本作では、『悪人』(10年)の原作・吉田修一氏と監督・李相日氏が再タッグ。吉田氏の同名小説を原作として、SNSやスマートフォンなどの発達により、簡単に他人を疑ってしまう不信の時代に「"信じる"とは?」という根源的な問いを、一つの殺人事件をきっかけに投げかける。千葉の漁村で娘と暮らすしがない父親を演じる渡辺のほか、森山未來、松山ケンイチ、綾野剛、広瀬すず、宮崎あおい、妻夫木聡といった豪華俳優陣が出演する。

本作の公開は「一つの事件になる」と踏んだプロデューサー・川村元気氏の発案によって、今回の撮影が実現。「7人を、日本が世界に誇る天才・篠山紀信が撮影することによって、新たな化学反応が生まれる」と考えた川村氏は、「"俳優7人"ではなく"登場人物7人"を撮ってほしい。

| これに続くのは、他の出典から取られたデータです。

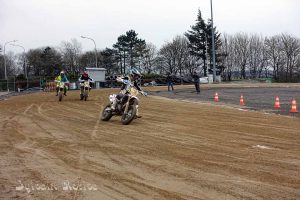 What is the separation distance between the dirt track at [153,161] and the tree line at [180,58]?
84961mm

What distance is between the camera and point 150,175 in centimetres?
677

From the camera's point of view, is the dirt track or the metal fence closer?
the dirt track

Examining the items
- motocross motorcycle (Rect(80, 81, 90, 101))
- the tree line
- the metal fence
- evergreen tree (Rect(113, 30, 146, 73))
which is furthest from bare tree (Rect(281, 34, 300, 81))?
motocross motorcycle (Rect(80, 81, 90, 101))

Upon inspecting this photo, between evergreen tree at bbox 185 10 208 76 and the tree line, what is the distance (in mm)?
240

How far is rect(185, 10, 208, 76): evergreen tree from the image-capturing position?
308ft

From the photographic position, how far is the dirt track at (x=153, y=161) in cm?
591

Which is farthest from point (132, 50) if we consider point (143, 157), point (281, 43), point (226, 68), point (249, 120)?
point (143, 157)

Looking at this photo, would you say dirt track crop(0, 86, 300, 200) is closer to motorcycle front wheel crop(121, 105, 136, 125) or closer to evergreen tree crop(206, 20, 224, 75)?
motorcycle front wheel crop(121, 105, 136, 125)

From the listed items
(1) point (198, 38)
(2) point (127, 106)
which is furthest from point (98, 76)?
(2) point (127, 106)

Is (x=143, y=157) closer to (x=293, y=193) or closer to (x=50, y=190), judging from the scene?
(x=50, y=190)

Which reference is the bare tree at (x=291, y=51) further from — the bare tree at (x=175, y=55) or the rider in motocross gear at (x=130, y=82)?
the rider in motocross gear at (x=130, y=82)

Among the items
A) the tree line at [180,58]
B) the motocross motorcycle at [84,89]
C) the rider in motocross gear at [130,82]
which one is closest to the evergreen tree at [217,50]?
the tree line at [180,58]

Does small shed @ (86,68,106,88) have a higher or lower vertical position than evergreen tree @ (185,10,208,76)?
lower

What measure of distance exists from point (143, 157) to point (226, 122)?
258 inches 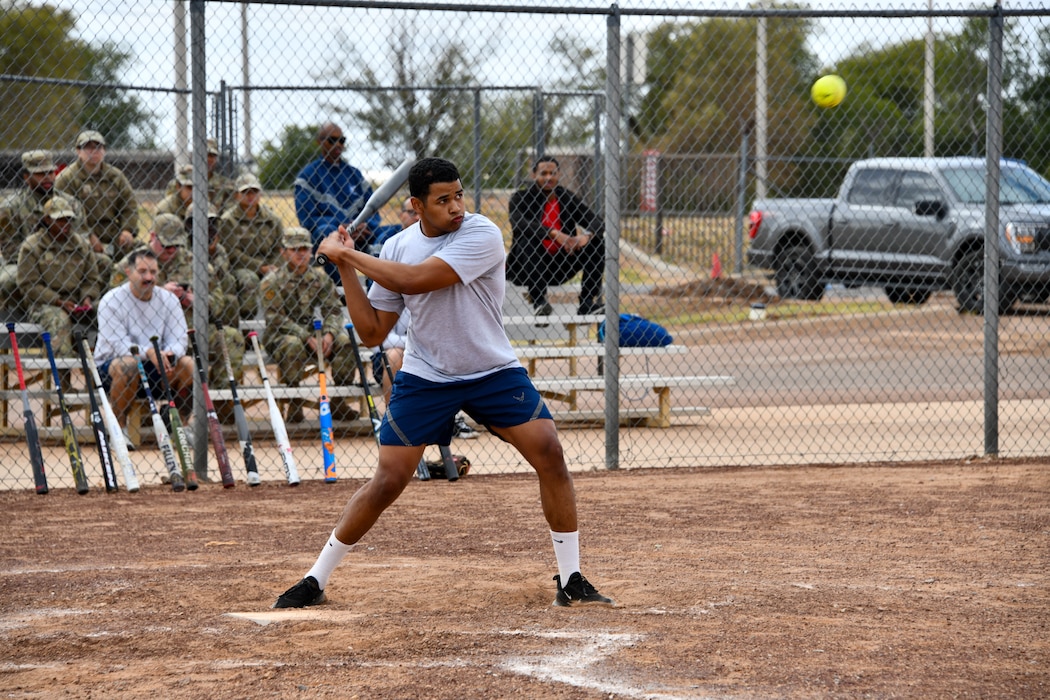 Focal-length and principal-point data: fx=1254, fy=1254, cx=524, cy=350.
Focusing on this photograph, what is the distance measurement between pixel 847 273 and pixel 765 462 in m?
8.42

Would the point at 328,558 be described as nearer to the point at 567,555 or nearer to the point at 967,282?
the point at 567,555

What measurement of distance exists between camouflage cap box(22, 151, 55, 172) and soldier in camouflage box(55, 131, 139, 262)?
1.18 ft

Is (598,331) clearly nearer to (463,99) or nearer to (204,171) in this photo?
(463,99)

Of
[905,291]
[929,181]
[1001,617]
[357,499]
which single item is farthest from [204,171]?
[905,291]

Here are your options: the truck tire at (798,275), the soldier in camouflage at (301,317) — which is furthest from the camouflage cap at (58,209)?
the truck tire at (798,275)

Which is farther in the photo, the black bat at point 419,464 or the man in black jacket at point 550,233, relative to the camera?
the man in black jacket at point 550,233

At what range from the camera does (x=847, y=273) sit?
16969 millimetres

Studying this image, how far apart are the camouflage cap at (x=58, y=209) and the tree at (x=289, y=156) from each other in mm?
2984

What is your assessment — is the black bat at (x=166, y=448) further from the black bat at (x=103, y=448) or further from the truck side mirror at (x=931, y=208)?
the truck side mirror at (x=931, y=208)

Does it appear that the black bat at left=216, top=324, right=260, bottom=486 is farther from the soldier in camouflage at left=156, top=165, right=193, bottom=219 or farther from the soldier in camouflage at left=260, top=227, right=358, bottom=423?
the soldier in camouflage at left=156, top=165, right=193, bottom=219

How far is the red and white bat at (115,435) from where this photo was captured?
8.05m

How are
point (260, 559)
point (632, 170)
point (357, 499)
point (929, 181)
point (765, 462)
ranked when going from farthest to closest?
1. point (632, 170)
2. point (929, 181)
3. point (765, 462)
4. point (260, 559)
5. point (357, 499)

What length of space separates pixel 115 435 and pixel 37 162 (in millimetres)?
2874

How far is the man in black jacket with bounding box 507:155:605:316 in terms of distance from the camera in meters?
10.3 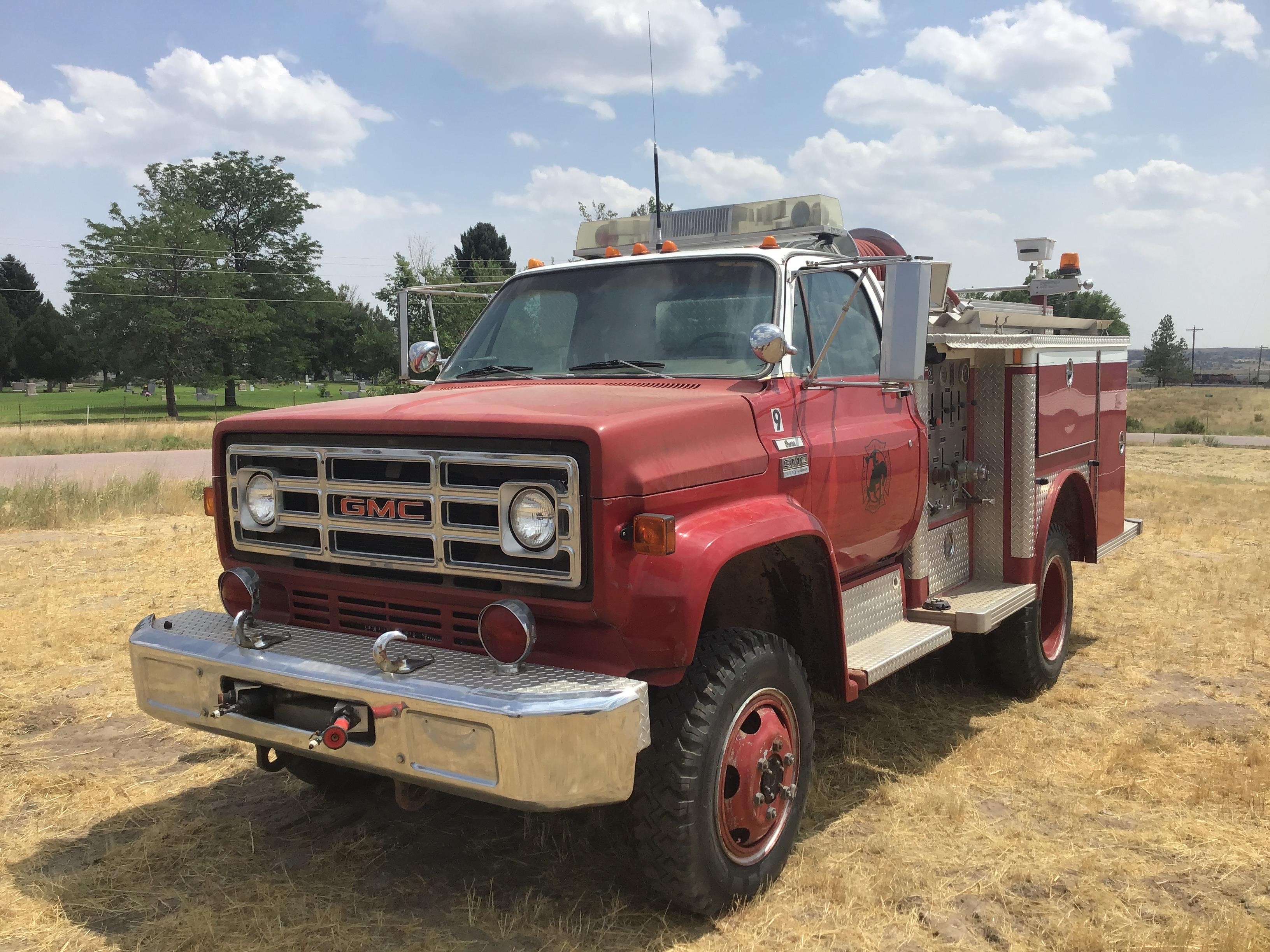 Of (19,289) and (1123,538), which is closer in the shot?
(1123,538)

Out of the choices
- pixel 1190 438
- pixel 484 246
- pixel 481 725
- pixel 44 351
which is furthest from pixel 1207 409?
pixel 44 351

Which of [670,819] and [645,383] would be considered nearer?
[670,819]

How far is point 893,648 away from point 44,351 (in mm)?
84550

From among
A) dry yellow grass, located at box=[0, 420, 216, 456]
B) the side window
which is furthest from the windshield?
dry yellow grass, located at box=[0, 420, 216, 456]

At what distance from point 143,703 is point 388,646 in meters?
1.18

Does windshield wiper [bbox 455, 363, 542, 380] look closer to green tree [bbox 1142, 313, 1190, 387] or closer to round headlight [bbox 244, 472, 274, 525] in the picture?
round headlight [bbox 244, 472, 274, 525]

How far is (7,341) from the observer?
74.1 meters

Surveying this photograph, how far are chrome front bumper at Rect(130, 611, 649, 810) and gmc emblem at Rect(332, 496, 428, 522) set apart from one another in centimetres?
43

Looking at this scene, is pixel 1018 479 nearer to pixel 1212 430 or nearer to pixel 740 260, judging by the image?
pixel 740 260

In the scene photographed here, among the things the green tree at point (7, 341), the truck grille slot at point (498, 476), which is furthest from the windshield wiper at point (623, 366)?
the green tree at point (7, 341)

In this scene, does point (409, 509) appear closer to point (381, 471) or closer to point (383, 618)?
point (381, 471)

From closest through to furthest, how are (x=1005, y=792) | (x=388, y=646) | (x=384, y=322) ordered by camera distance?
(x=388, y=646) < (x=1005, y=792) < (x=384, y=322)

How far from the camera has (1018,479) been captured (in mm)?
5551

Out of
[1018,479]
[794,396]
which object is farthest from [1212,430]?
[794,396] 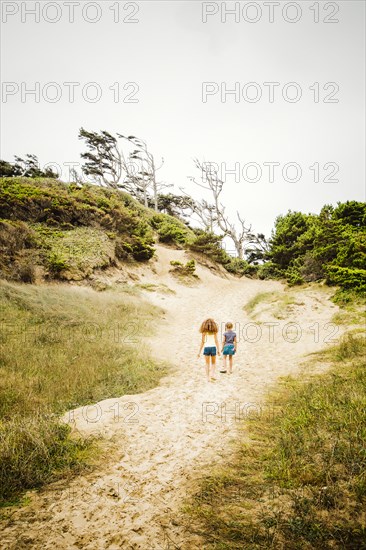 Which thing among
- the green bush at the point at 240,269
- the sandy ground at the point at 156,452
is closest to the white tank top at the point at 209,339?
the sandy ground at the point at 156,452

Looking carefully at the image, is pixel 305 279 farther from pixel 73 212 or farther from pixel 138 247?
pixel 73 212

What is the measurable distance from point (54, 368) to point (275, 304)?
36.0 feet

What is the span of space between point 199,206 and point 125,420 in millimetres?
37968

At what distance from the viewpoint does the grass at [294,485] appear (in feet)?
7.41

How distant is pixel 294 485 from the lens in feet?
9.28

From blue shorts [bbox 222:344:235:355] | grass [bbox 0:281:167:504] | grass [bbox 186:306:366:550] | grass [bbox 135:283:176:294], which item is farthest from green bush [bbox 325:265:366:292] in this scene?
grass [bbox 135:283:176:294]

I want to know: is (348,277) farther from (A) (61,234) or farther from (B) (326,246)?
(A) (61,234)

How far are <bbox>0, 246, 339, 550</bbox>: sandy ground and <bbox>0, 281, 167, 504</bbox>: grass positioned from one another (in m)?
0.39

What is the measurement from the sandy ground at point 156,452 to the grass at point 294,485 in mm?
289

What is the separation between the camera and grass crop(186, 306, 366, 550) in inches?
89.0

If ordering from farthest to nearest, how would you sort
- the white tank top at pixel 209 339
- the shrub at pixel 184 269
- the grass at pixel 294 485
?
the shrub at pixel 184 269 < the white tank top at pixel 209 339 < the grass at pixel 294 485

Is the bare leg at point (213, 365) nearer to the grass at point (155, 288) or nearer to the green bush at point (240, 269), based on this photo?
the grass at point (155, 288)

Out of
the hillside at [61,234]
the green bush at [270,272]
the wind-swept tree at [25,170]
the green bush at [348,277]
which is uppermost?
the wind-swept tree at [25,170]

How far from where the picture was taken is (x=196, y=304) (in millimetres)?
17297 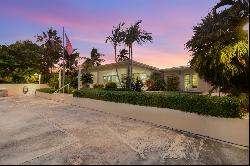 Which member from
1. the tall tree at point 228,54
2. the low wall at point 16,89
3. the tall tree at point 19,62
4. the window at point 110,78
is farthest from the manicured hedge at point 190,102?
the tall tree at point 19,62

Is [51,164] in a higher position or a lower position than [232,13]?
lower

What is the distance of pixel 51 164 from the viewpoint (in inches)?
298

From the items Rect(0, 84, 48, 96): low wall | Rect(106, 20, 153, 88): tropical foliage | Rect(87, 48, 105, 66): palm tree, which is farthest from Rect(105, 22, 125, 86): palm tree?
Rect(87, 48, 105, 66): palm tree

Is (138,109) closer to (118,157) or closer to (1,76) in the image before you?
(118,157)

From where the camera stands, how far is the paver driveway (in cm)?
775

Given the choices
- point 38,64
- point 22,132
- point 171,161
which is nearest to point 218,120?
point 171,161

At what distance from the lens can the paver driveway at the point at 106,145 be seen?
7.75 meters

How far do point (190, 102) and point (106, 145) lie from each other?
405cm

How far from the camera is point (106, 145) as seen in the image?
914 cm

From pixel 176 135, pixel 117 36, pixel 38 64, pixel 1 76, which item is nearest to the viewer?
pixel 176 135

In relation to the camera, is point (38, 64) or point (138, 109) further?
point (38, 64)

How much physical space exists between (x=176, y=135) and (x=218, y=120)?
69.9 inches

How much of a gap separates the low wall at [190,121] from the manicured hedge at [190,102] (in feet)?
0.68

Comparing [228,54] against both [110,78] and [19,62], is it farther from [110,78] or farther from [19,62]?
[19,62] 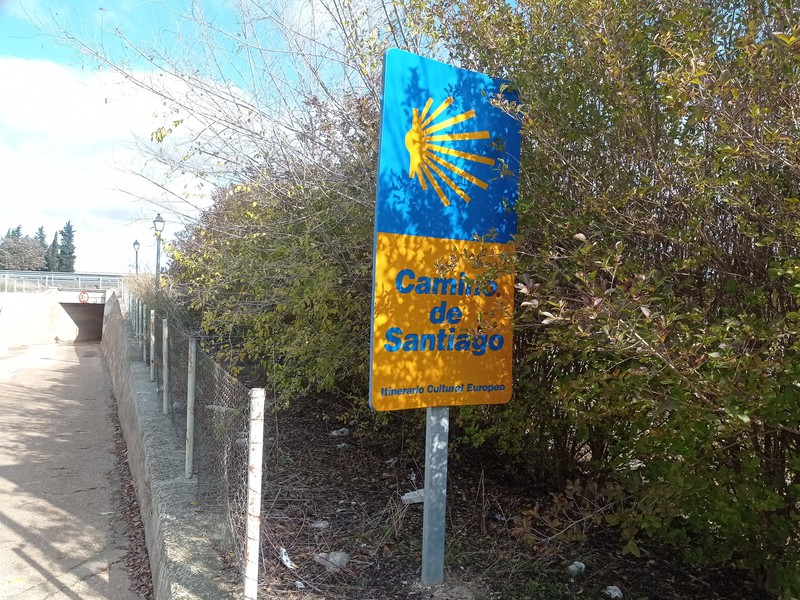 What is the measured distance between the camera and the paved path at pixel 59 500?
16.6 ft

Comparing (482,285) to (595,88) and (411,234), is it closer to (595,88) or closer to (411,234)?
(411,234)

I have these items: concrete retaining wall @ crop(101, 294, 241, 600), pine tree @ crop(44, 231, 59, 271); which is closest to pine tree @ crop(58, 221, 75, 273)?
pine tree @ crop(44, 231, 59, 271)

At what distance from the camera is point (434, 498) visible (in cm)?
356

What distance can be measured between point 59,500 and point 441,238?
5.97 meters

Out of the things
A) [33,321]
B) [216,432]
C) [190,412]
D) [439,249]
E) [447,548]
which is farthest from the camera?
[33,321]

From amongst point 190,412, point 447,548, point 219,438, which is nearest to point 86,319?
point 190,412

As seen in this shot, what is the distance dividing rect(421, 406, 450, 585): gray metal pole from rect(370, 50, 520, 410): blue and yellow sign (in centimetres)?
16

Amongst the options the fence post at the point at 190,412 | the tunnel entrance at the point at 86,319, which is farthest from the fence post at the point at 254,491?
the tunnel entrance at the point at 86,319

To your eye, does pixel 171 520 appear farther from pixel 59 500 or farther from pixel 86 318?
pixel 86 318

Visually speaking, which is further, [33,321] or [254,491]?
[33,321]

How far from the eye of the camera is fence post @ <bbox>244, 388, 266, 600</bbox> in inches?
119

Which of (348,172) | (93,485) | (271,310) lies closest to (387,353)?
(348,172)

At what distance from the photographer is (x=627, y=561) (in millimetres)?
4012

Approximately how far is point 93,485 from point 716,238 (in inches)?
292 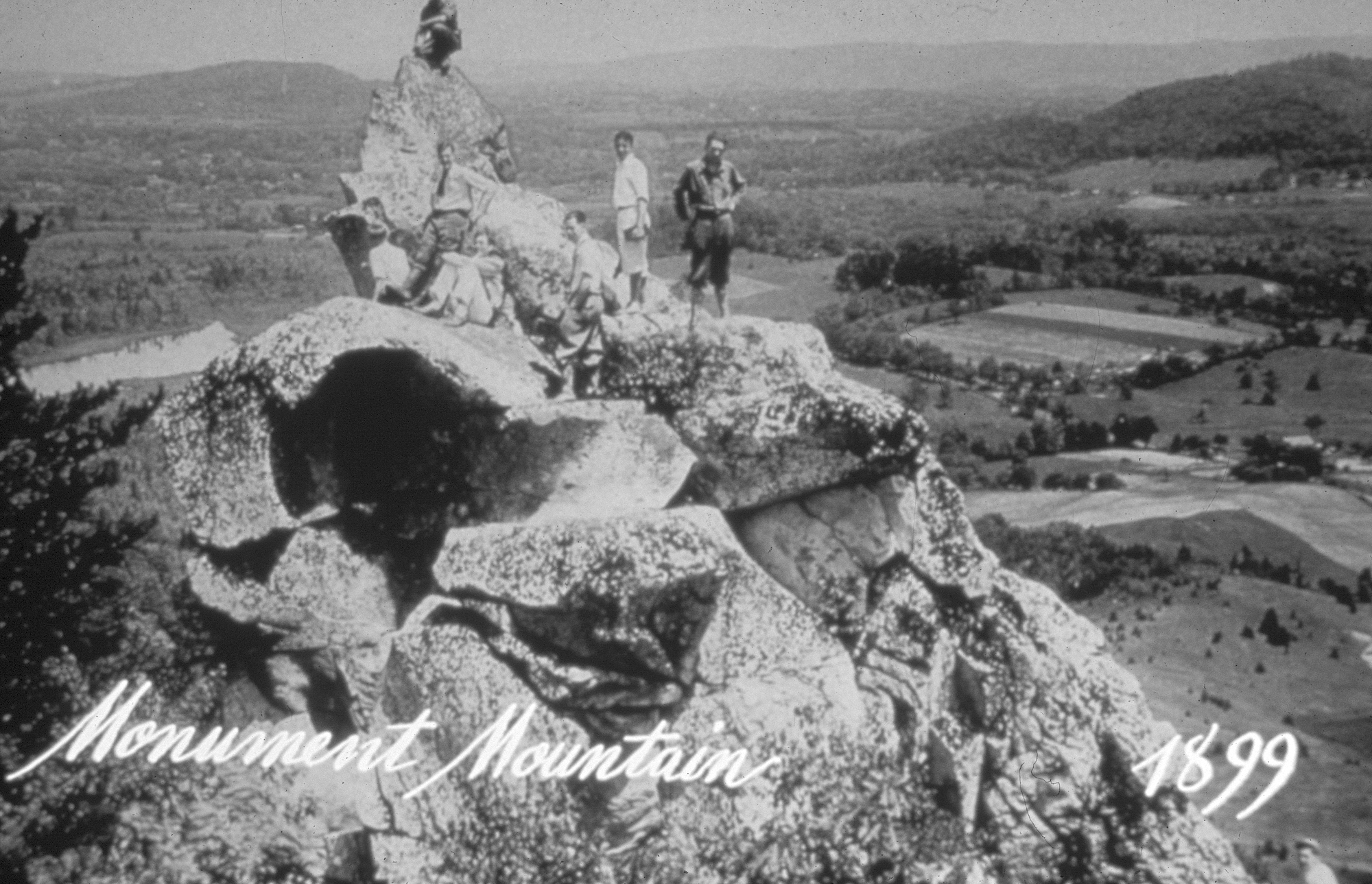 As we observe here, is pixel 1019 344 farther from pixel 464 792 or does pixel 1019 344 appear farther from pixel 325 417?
pixel 464 792

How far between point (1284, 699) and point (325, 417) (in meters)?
17.2

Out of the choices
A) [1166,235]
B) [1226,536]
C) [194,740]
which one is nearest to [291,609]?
[194,740]

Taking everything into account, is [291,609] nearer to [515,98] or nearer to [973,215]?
[515,98]

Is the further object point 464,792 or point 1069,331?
point 1069,331

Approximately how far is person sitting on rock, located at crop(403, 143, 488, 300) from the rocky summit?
4.91 feet

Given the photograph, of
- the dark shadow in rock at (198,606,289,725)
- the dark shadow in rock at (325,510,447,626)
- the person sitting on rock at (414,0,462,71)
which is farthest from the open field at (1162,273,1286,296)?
the dark shadow in rock at (198,606,289,725)

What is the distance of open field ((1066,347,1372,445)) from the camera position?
29.6 meters

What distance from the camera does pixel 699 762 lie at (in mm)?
13719

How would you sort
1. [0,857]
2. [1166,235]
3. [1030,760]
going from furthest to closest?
[1166,235] < [1030,760] < [0,857]

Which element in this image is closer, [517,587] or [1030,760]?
[517,587]

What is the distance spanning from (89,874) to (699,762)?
24.5 ft

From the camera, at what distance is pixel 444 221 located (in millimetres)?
17641

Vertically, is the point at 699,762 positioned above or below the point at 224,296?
below

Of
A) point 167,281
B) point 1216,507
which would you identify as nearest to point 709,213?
→ point 1216,507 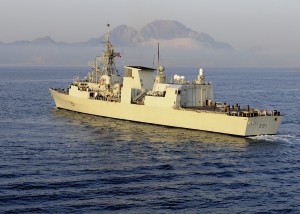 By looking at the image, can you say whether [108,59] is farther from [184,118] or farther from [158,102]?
[184,118]

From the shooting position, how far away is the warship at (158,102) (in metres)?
44.0

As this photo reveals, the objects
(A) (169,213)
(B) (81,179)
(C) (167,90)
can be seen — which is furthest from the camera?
(C) (167,90)

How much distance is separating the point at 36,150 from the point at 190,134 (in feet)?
51.2

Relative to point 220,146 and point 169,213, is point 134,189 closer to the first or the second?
point 169,213

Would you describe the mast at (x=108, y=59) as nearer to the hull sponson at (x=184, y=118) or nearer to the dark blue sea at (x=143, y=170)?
the hull sponson at (x=184, y=118)

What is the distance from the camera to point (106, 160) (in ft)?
111

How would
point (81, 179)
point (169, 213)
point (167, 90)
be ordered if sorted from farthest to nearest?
point (167, 90) < point (81, 179) < point (169, 213)

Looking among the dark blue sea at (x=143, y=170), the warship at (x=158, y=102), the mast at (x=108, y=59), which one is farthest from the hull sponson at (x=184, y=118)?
the mast at (x=108, y=59)

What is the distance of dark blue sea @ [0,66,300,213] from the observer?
24531 millimetres

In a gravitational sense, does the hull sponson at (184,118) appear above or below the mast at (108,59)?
below

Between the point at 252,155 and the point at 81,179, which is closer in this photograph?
the point at 81,179

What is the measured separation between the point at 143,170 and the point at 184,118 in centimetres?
1715

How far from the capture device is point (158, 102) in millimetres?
50094

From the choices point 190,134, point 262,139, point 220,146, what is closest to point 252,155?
point 220,146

俳優ではなく役のままの顔が見たい」と依頼し、篠山氏はすぐに快諾した。

俳優の中から「役」がいなくなる前にシャッターを切るため、早朝や深夜、本編終了直後に都内スタジオでポスター撮影を敢行。その結果、篠山氏だけでなく、被写体となる俳優陣やスタッフまでも「こんな顔、見たことがない」と口をそろえる写真が出来上がった。

三島由紀夫やジョン・レノン&オノ・ヨーコのほか、山口百恵、宮沢りえなど"時代の顔"とも呼べる人物の一瞬を切り取ってきた篠山氏のキャリアの中で、初となった今回のコラボレーション。自身にとっても刺激的な撮影だった様子で、「渾身の紀信!」と自らを評したという。

シャッターを切った篠山紀信氏

篠山氏は、「役を引きずったままの役者をスタジオで撮影をするのは初めての経験」と感慨深げ。「スタジオで撮影しているのに、どこかドキュメンタリーのようで、今まで何度も撮影している役者の見たことのない顔を撮影できた」「これだけの役者が集まってくると、不思議な力が湧いてくるポスターになった」と自信を見せ、「面白く、ぜいたくな時間でした」と告げた。

主演の渡辺は、「ファインダーをのぞく紀信さんが『見た事無い顔だなぁ』と。うれしい言葉を頂いた!」と歓喜。川村プロデューサーは、「俳優たちも、篠山さんなら、ということで撮影中にスタジオまで来て、役のままで撮影に応じてくれました」と背景を明かし、「果たして、見事な『7人の怒り』がそこに写し出されたと思っています」と胸を張っている。